BEGIN Available data

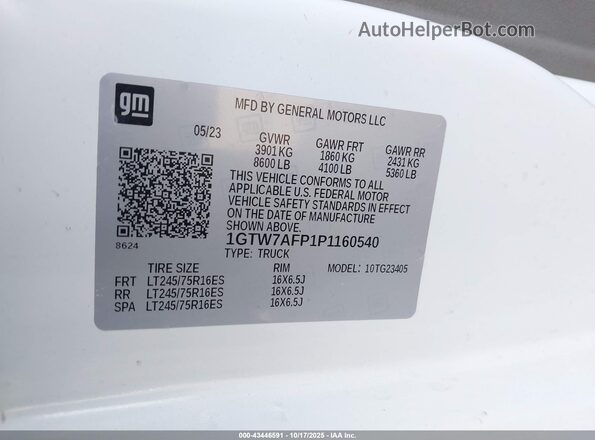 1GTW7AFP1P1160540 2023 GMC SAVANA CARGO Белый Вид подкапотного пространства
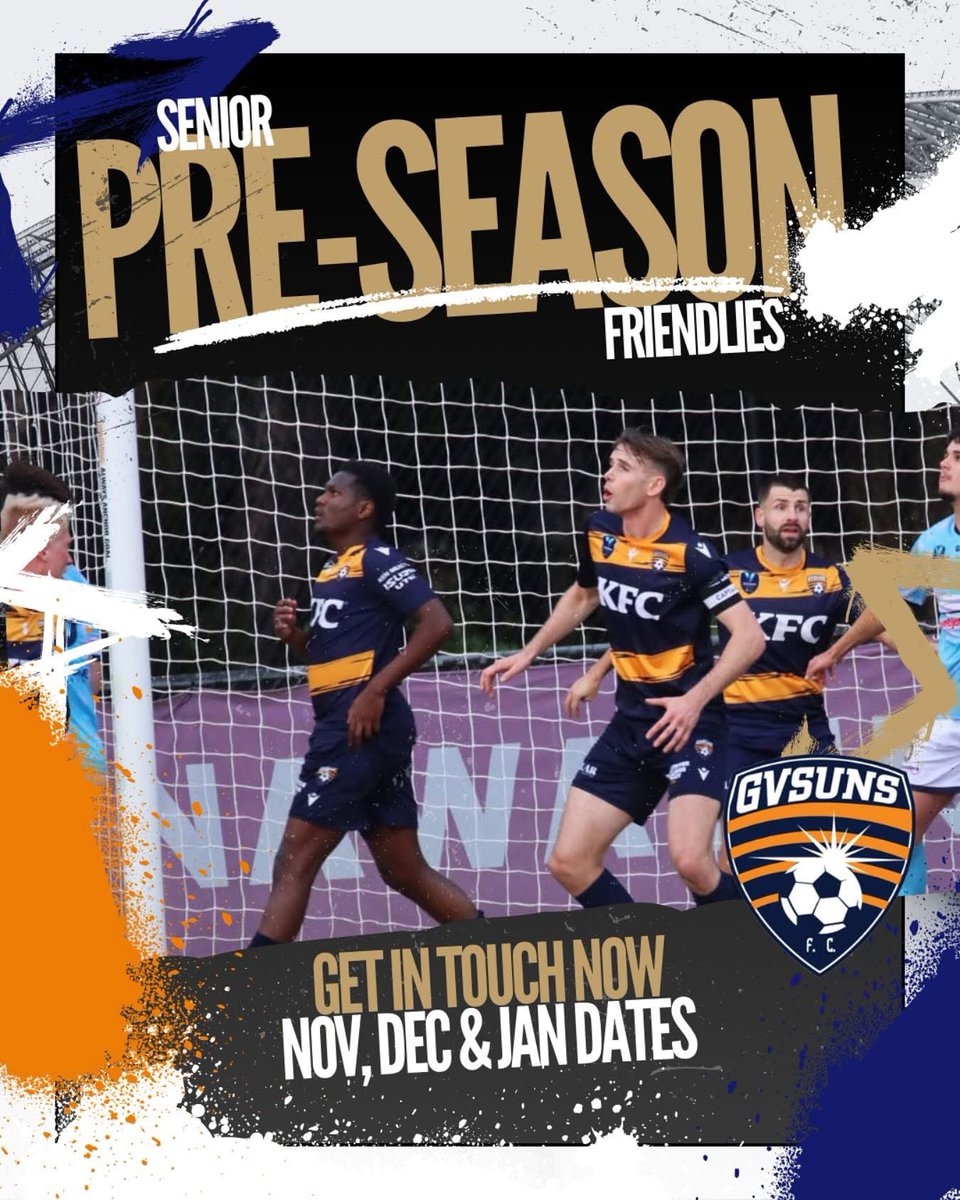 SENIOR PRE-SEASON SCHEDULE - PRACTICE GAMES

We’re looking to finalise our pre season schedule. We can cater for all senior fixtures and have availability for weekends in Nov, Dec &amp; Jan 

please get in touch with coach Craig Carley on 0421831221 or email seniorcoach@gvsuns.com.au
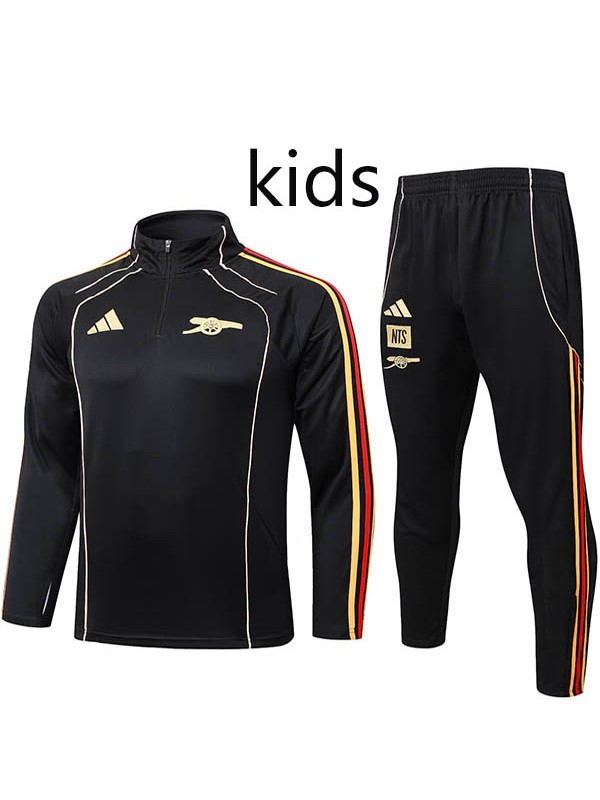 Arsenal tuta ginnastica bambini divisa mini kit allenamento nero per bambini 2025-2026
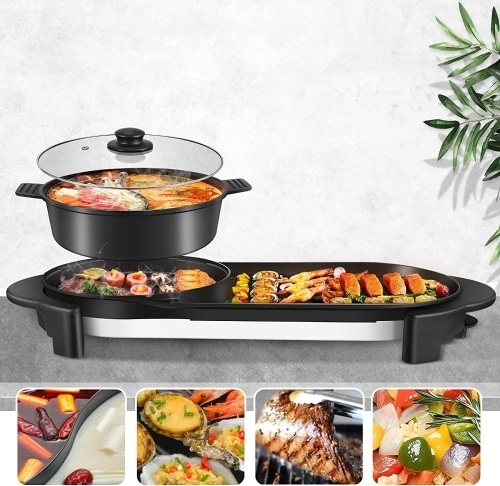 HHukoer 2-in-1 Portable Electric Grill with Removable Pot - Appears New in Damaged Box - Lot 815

END Available data
BEGIN Available data

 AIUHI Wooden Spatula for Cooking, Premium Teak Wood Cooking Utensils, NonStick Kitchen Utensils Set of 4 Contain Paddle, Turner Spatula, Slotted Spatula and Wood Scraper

END Available data
BEGIN Available data

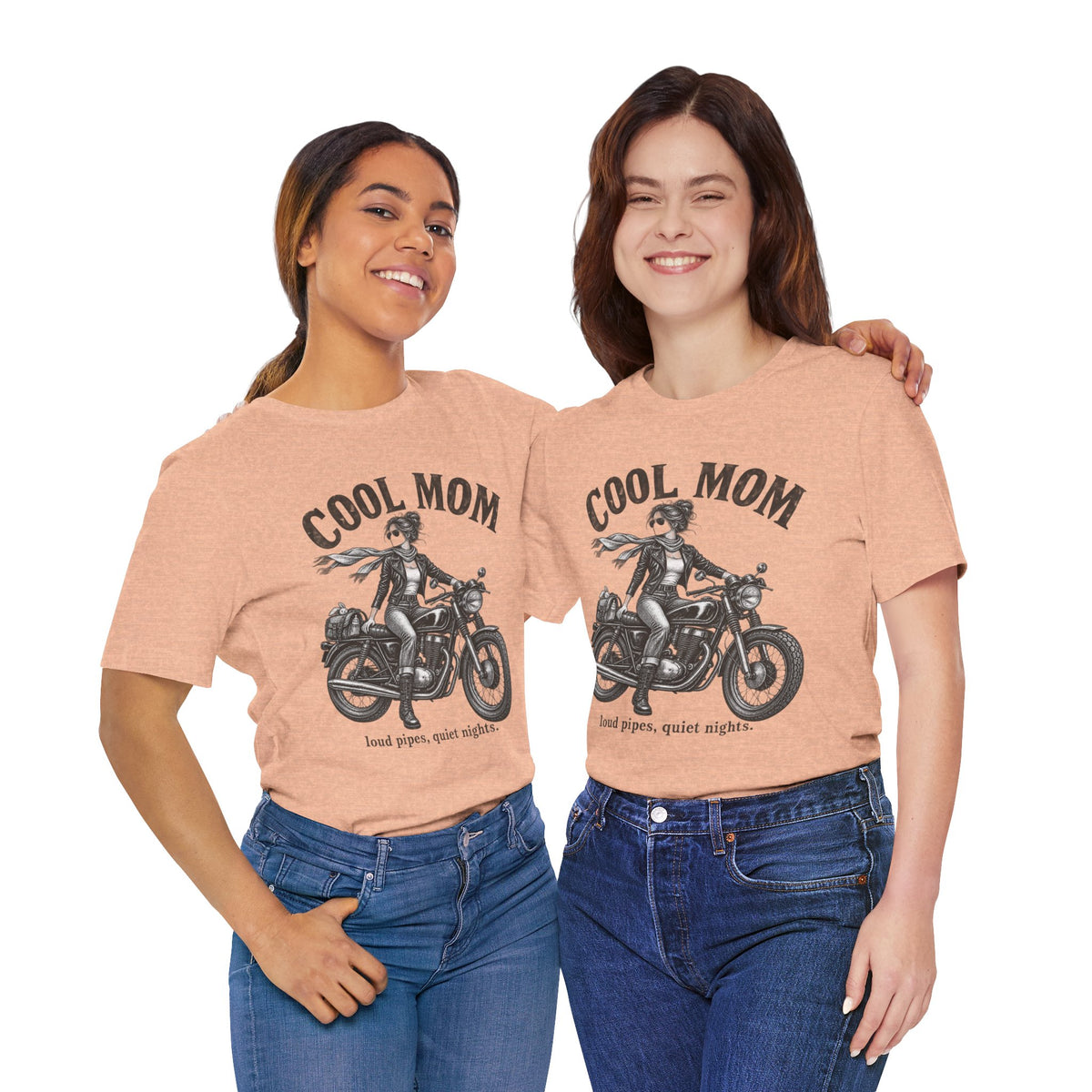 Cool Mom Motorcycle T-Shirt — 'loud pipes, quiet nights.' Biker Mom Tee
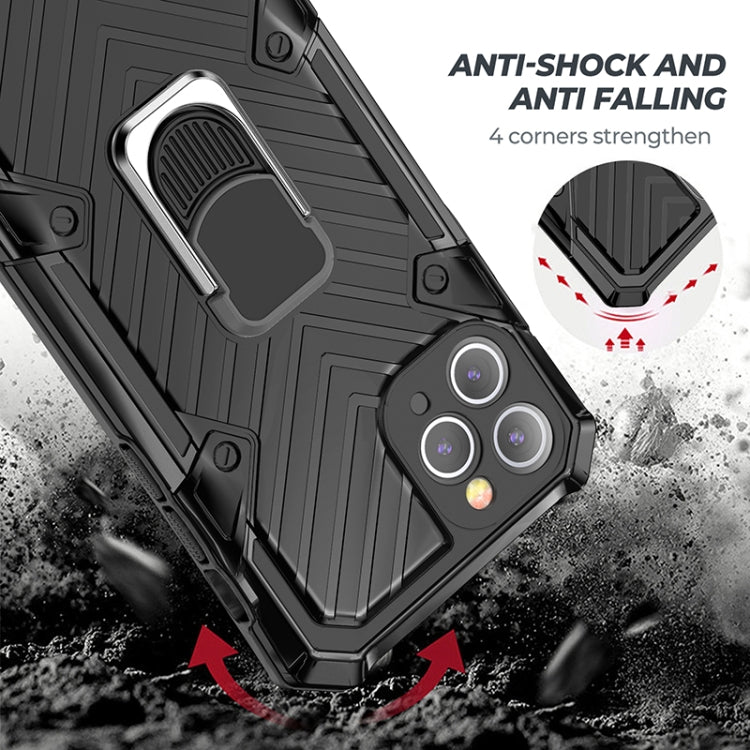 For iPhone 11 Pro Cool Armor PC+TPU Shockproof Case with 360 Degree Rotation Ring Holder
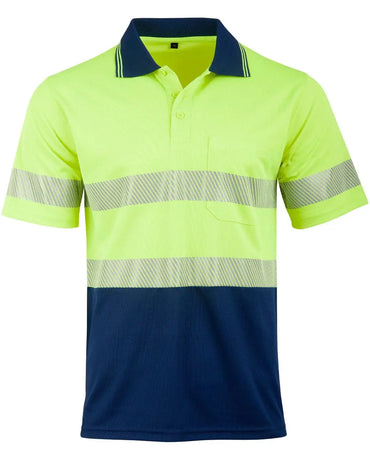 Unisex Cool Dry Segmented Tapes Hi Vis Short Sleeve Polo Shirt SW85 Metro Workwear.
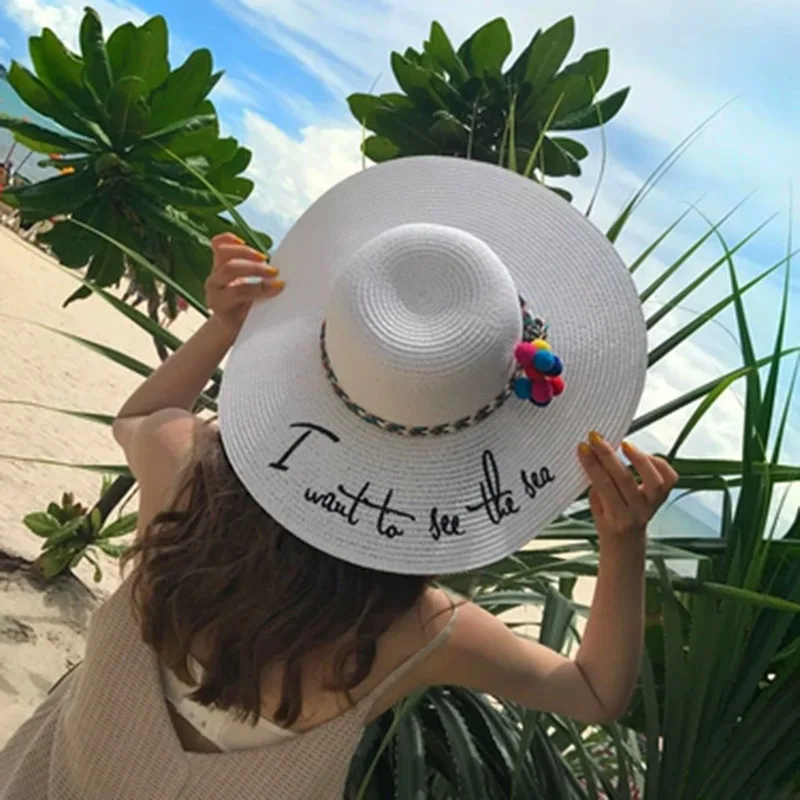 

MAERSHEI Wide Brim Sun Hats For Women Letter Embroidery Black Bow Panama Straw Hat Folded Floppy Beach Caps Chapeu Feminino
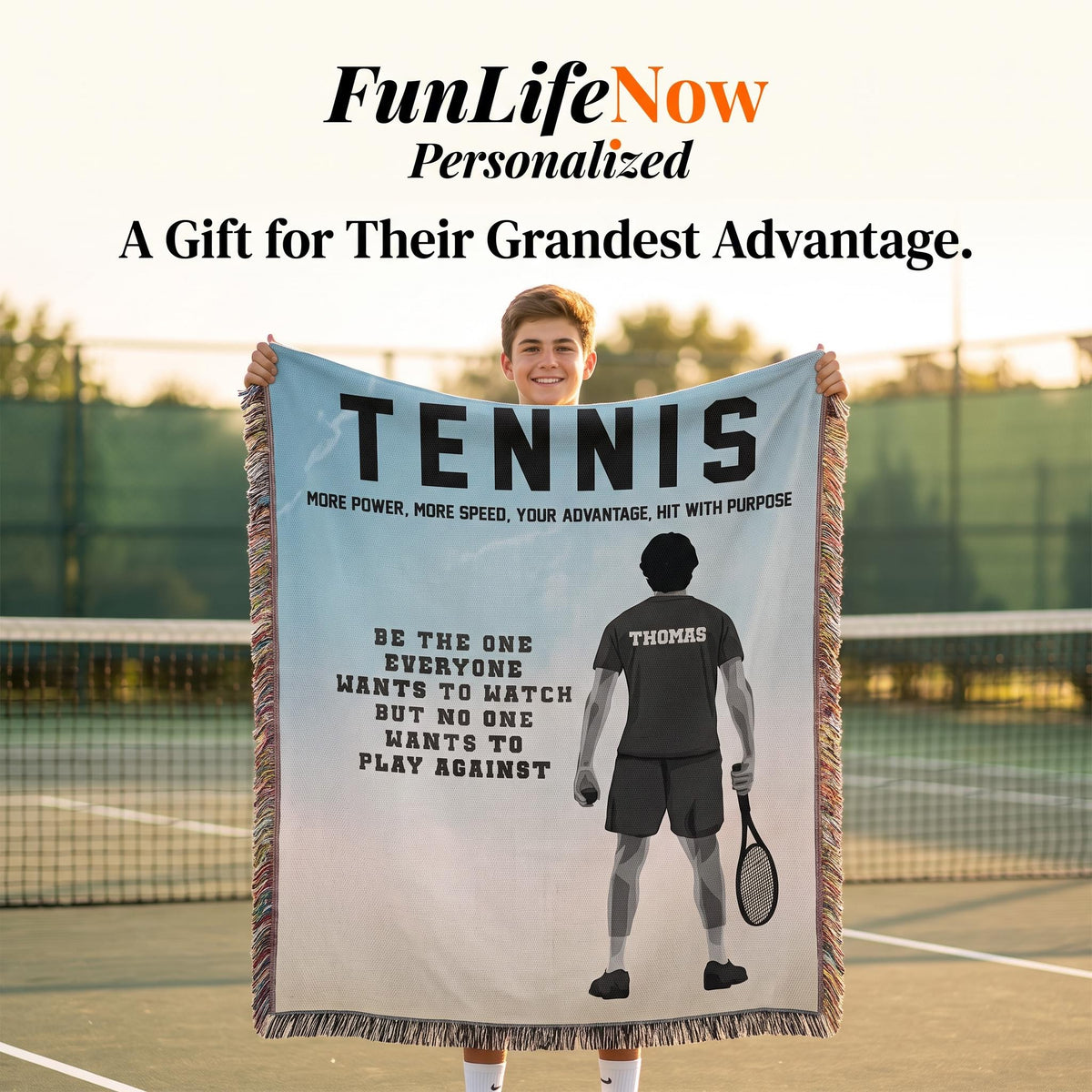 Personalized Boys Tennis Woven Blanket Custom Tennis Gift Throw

END Available data

About this exercise: From the data above, return exactly the lines from the one with "Unisex Cool Dry" up to and including the one with "Personalized Boys Tennis". Pictures do not go in the copy.

Finished exercise:
 Unisex Cool Dry Segmented Tapes Hi Vis Short Sleeve Polo Shirt SW85 Metro Workwear.

MAERSHEI Wide Brim Sun Hats For Women Letter Embroidery Black Bow Panama Straw Hat Folded Floppy Beach Caps Chapeu Feminino
 Personalized Boys Tennis Woven Blanket Custom Tennis Gift Throw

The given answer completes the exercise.